Records to use
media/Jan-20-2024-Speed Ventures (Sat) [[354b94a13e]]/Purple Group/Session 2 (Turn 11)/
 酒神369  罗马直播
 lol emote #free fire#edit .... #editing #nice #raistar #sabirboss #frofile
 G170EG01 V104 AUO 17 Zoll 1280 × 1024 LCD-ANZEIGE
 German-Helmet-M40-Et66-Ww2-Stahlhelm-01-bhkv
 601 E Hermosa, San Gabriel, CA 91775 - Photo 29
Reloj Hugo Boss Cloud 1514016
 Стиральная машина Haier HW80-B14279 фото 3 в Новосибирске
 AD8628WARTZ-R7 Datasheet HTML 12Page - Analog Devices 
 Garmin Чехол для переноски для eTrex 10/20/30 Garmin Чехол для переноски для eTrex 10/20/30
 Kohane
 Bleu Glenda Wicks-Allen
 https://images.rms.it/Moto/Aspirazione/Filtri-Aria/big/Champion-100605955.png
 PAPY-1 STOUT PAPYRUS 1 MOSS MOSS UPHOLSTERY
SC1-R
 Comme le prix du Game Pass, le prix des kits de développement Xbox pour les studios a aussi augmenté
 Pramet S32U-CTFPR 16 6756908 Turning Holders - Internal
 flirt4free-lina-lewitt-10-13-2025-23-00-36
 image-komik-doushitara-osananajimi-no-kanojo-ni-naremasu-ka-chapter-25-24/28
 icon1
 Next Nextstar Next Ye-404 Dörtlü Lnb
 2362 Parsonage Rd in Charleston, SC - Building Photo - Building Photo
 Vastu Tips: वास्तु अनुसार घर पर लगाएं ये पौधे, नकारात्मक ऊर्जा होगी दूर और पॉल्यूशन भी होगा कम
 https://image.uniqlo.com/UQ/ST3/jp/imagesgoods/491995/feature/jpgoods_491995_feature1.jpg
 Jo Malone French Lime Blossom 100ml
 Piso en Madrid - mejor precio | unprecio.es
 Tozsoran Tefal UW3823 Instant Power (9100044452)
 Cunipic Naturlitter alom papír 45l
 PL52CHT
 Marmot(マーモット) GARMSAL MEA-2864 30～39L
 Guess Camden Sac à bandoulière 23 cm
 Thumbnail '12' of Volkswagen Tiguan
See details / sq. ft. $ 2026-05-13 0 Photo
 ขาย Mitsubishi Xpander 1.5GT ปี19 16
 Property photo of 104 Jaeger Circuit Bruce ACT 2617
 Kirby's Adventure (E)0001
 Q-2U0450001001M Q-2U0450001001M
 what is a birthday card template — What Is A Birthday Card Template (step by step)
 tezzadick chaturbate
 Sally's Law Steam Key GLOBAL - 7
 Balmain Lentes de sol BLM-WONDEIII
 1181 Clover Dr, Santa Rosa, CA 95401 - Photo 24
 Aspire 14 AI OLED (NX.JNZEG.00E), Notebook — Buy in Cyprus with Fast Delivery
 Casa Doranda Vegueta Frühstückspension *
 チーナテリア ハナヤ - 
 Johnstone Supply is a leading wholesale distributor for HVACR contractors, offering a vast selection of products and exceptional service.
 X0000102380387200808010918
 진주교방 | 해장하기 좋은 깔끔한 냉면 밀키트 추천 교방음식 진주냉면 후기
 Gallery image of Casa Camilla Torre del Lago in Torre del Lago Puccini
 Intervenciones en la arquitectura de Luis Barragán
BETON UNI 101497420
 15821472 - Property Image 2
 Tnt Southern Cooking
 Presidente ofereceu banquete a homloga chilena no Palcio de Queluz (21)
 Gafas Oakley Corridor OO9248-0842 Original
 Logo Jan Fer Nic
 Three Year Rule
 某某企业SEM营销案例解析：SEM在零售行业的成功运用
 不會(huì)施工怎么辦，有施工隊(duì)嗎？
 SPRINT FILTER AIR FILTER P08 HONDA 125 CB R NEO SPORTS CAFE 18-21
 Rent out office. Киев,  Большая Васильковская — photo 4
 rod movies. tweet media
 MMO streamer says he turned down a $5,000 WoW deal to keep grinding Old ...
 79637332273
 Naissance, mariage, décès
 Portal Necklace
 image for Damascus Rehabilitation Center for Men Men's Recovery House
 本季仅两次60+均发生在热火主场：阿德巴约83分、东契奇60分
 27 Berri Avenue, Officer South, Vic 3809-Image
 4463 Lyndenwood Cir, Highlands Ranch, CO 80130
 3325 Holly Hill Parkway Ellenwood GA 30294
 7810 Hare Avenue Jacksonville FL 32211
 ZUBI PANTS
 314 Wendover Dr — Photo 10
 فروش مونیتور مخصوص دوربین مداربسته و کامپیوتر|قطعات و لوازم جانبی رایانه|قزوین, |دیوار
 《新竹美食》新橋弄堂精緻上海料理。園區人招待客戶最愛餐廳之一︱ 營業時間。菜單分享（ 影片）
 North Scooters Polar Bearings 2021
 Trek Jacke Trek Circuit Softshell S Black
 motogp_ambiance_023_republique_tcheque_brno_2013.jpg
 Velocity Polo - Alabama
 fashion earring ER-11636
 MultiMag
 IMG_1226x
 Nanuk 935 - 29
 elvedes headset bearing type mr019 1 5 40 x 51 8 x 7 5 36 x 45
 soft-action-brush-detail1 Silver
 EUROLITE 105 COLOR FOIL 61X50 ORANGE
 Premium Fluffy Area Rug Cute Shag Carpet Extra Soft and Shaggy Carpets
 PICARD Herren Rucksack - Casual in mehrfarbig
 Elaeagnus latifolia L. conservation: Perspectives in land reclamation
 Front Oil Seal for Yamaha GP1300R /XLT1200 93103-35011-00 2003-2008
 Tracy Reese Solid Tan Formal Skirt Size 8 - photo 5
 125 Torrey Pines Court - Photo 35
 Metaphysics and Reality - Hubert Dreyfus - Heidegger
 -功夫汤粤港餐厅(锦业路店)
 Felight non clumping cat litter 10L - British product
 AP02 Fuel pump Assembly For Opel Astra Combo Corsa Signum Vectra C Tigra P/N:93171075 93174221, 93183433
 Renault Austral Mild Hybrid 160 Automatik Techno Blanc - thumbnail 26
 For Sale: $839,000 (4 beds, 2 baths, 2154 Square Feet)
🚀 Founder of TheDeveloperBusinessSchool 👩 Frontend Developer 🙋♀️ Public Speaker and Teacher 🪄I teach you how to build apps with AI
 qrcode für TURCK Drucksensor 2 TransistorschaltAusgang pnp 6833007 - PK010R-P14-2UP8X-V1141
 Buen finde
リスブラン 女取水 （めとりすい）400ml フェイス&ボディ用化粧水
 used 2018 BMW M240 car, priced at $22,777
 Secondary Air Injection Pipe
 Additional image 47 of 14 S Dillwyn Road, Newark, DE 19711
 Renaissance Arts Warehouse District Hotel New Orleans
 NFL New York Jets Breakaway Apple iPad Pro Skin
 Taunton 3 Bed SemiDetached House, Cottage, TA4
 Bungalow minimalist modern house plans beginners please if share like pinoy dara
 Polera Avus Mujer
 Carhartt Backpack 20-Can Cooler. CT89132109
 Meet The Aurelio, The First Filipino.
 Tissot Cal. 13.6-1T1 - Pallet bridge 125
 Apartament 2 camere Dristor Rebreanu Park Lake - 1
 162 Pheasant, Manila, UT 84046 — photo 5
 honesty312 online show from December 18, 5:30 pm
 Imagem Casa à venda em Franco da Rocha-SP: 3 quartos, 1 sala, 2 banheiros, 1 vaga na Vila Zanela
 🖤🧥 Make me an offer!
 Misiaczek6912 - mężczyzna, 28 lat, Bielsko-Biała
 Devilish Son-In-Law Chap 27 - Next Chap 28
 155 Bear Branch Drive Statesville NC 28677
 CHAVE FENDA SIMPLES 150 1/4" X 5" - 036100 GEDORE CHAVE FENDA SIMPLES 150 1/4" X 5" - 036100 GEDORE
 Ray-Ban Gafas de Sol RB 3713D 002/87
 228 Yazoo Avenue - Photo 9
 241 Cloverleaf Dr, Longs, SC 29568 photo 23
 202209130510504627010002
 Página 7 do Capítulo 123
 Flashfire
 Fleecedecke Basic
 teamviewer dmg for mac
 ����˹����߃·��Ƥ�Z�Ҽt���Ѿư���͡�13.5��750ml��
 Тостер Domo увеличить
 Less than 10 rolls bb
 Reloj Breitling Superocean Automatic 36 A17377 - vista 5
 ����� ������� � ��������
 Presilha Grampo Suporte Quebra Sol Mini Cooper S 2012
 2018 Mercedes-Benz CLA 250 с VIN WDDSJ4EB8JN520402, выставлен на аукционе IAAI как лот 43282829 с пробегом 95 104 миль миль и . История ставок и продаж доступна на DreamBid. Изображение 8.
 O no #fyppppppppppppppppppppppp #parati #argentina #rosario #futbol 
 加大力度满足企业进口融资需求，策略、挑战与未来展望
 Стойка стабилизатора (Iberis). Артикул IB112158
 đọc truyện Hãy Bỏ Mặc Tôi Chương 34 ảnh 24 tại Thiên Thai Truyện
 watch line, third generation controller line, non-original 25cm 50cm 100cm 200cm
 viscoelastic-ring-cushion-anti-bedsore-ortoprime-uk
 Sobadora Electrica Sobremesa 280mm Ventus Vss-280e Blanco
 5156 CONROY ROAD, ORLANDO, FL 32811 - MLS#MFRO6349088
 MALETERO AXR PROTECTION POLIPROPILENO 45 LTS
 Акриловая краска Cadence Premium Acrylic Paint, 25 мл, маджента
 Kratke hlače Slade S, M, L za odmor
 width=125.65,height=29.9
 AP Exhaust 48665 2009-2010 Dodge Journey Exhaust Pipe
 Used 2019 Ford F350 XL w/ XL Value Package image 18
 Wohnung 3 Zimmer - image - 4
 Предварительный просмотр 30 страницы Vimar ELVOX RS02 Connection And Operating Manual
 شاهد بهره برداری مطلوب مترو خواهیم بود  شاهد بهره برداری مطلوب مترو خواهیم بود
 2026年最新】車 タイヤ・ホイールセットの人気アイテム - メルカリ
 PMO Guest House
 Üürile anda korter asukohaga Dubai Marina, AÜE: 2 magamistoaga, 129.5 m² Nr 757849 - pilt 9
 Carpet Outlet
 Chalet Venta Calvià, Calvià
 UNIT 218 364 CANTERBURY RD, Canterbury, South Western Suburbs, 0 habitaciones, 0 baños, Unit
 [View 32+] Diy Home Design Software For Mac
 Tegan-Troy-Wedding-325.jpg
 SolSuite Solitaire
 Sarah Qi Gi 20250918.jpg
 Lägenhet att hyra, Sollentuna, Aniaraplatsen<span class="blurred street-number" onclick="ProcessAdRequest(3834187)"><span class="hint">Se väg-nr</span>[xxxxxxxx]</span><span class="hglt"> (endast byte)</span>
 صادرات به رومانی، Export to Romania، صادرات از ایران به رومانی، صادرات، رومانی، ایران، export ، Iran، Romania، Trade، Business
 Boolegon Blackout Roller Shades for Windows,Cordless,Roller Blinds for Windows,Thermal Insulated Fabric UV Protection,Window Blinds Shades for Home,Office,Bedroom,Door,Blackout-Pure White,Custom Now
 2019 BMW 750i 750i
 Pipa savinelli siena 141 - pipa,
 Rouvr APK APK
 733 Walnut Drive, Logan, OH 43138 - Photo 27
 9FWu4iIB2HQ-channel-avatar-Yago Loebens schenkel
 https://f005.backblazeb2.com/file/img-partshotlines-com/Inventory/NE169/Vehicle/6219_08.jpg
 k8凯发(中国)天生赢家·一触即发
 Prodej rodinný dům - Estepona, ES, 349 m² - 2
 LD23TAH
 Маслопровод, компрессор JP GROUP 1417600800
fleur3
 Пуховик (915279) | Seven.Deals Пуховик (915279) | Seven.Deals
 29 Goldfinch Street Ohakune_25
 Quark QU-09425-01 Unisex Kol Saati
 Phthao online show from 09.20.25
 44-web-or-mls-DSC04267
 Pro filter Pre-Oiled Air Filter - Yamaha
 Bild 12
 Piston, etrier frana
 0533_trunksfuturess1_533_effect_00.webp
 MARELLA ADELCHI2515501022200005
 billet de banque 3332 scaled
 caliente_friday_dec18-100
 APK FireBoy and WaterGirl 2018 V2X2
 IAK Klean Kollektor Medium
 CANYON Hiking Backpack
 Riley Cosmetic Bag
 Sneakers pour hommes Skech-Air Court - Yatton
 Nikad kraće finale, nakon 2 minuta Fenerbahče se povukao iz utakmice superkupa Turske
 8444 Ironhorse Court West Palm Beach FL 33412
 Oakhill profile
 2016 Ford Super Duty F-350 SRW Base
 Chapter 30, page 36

Task to carry out
Up to and including the line containing "Q-2U0450001001M Q-2U0450001001M", please write out the listing exactly, starting from its first line.

Response below
media/Jan-20-2024-Speed Ventures (Sat) [[354b94a13e]]/Purple Group/Session 2 (Turn 11)/
 酒神369  罗马直播
 lol emote #free fire#edit .... #editing #nice #raistar #sabirboss #frofile
 G170EG01 V104 AUO 17 Zoll 1280 × 1024 LCD-ANZEIGE
 German-Helmet-M40-Et66-Ww2-Stahlhelm-01-bhkv
 601 E Hermosa, San Gabriel, CA 91775 - Photo 29
Reloj Hugo Boss Cloud 1514016
 Стиральная машина Haier HW80-B14279 фото 3 в Новосибирске
 AD8628WARTZ-R7 Datasheet HTML 12Page - Analog Devices 
 Garmin Чехол для переноски для eTrex 10/20/30 Garmin Чехол для переноски для eTrex 10/20/30
 Kohane
 Bleu Glenda Wicks-Allen
 https://images.rms.it/Moto/Aspirazione/Filtri-Aria/big/Champion-100605955.png
 PAPY-1 STOUT PAPYRUS 1 MOSS MOSS UPHOLSTERY
SC1-R
 Comme le prix du Game Pass, le prix des kits de développement Xbox pour les studios a aussi augmenté
 Pramet S32U-CTFPR 16 6756908 Turning Holders - Internal
 flirt4free-lina-lewitt-10-13-2025-23-00-36
 image-komik-doushitara-osananajimi-no-kanojo-ni-naremasu-ka-chapter-25-24/28
 icon1
 Next Nextstar Next Ye-404 Dörtlü Lnb
 2362 Parsonage Rd in Charleston, SC - Building Photo - Building Photo
 Vastu Tips: वास्तु अनुसार घर पर लगाएं ये पौधे, नकारात्मक ऊर्जा होगी दूर और पॉल्यूशन भी होगा कम
 https://image.uniqlo.com/UQ/ST3/jp/imagesgoods/491995/feature/jpgoods_491995_feature1.jpg
 Jo Malone French Lime Blossom 100ml
 Piso en Madrid - mejor precio | unprecio.es
 Tozsoran Tefal UW3823 Instant Power (9100044452)
 Cunipic Naturlitter alom papír 45l
 PL52CHT
 Marmot(マーモット) GARMSAL MEA-2864 30～39L
 Guess Camden Sac à bandoulière 23 cm
 Thumbnail '12' of Volkswagen Tiguan
See details / sq. ft. $ 2026-05-13 0 Photo
 ขาย Mitsubishi Xpander 1.5GT ปี19 16
 Property photo of 104 Jaeger Circuit Bruce ACT 2617
 Kirby's Adventure (E)0001
 Q-2U0450001001M Q-2U0450001001M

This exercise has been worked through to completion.